I am trying to setup fdb-joshua on a single node machine as a working protoype. I have the docker image created and running. I use the following to run the image in detached mode.
docker run -d --env FDB_CLUSTER_FILE=/opt/joshua/fdb.cluster --rm -v /etc/foundationdb/:/opt/joshua -it foundationdb/joshua-agent:latest
here the /etc/foundation/fdb.cluster will be my coordinating fdb
Further I have my custom build in place, and the tarball created in ./packages/ correctness-6.3.21.tar.gz
I then use the below command to submit the tests on the coordinating fdb
python3 -m joshua.joshua --cluster-file /etc/foundationdb/fdb.cluster start --tarball /home/ubuntu/fdbtesting/fdbbuild/packages/correctness-6.3.21.tar.gz
However, when I am trying to list the tests I keep seeing the below, and no progress
Currently active ensembles:
20220209-224155-ubuntu-e0003470186a0fb1 compressed=True data_size=22166943 fail_fast=10 max_runs=100000 priority=100 remaining=not_started runtime=0:08:09 sanity=False submitted=20220209-224155 timeout=5400 username=ubuntu
Can someone help understand what the issue might be? @jzhou I apologize to tag you here, but I see you have responded to questions on fdb-joshua. Just looking to get some help. I am new to both fdb and fdb-joshua.

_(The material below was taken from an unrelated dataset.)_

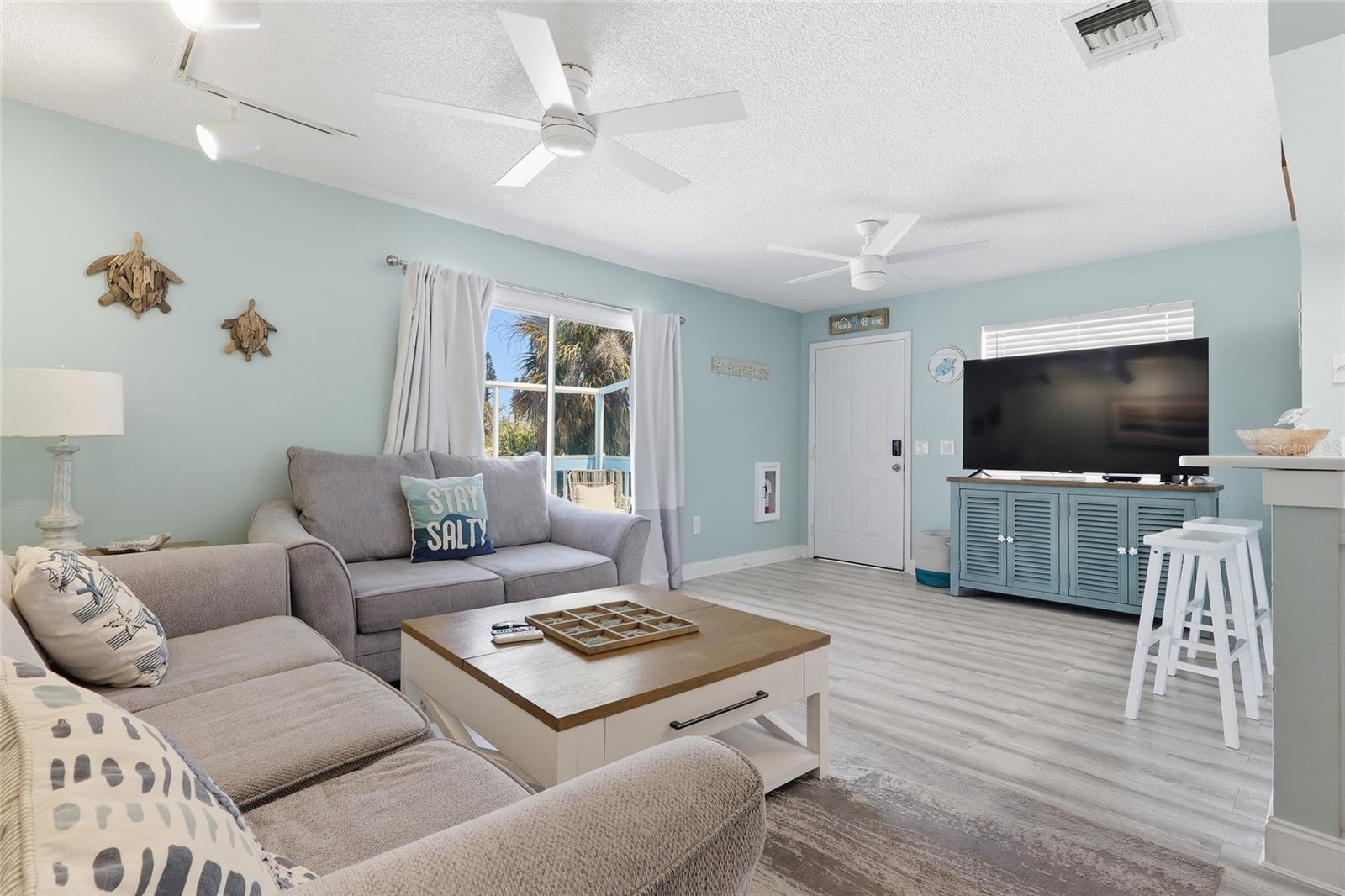 207 71st St #e Property Photo 5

It looks like you have successfully submitted the correctness package to the FDB cluster. The problem seems to be that the Joshua agent is not taking the jobs. What I’d suggest is to go inside your joshua-agent docker, and manually verify that you could connect to the FDB cluster, e.g., running python3 -m joshua.joshua --cluster-file file_path list.

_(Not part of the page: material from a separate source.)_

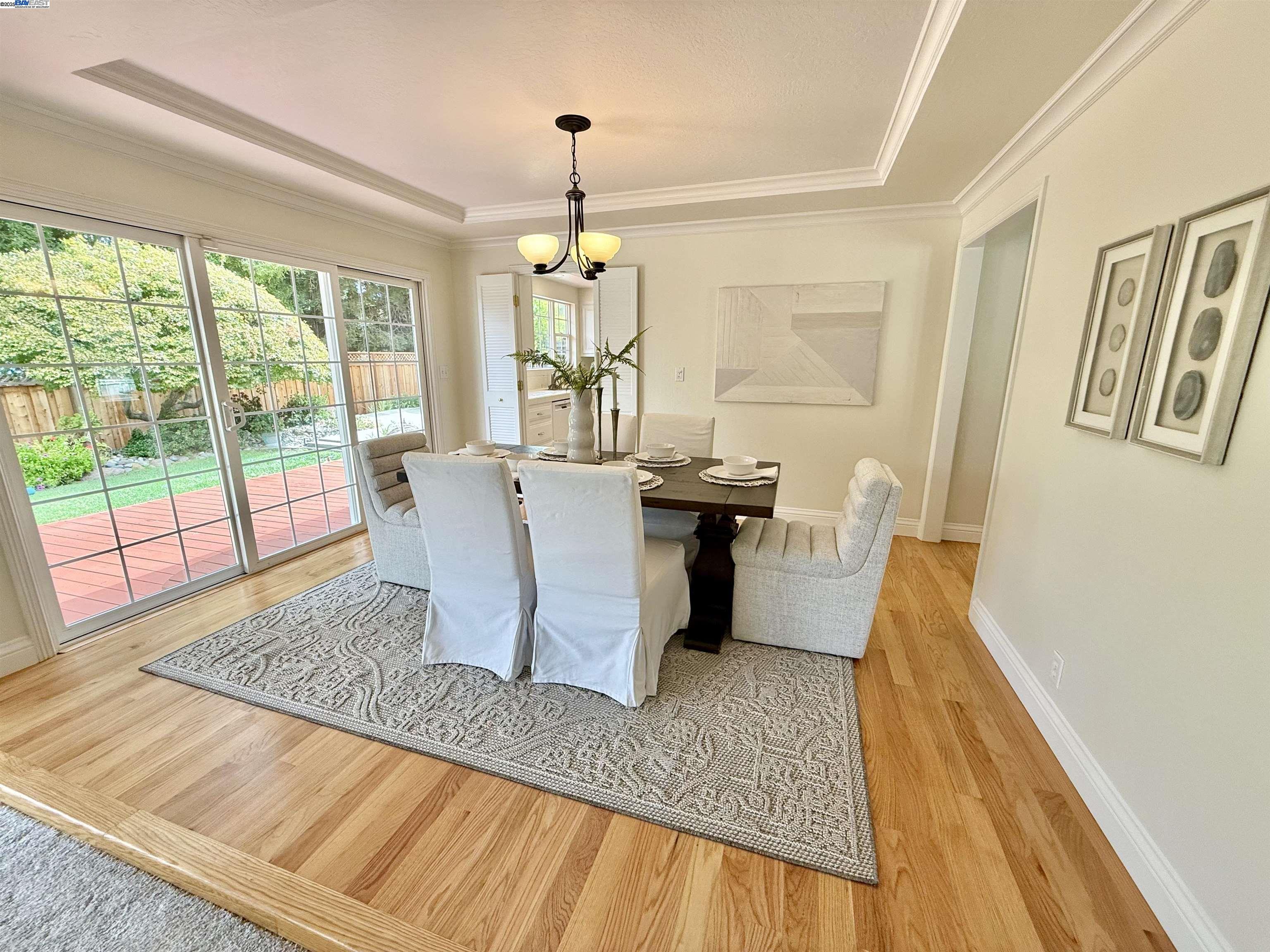 Detail Gallery Image 13 of 60 For 5647 Southbrook Dr, Clayton,  CA 94517 - 4 Beds | 2/1 Baths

If you could connect the the FDB cluster, next thing you can check is to look at the agent logs, which is probably inside the /tmp.
Thank you for the reply @jzhou . I keep getting the below error inside the docker
sh-4.2$ python3 -m joshua.joshua
/usr/bin/python3: Error while finding module specification for ‘joshua.joshua’ (ModuleNotFoundError: No module named ‘joshua’)
Although I see that the Dockerfile has instructions to install the module.
Hi @jzhou thank you for all your help before. I was able to run the tests, but they keep failing with the error Output="/var/joshua/ensembles/20220217-190339-ubuntu-33a80effc351c351/bin/fdbserver: /lib64/libc.so.6: version GLIBC_2.25’ not found`
Thank you @osamarin . I tried with centos8, and it worked fine. The only issue is the correctness tests are taking a long time, like been running for few hours now.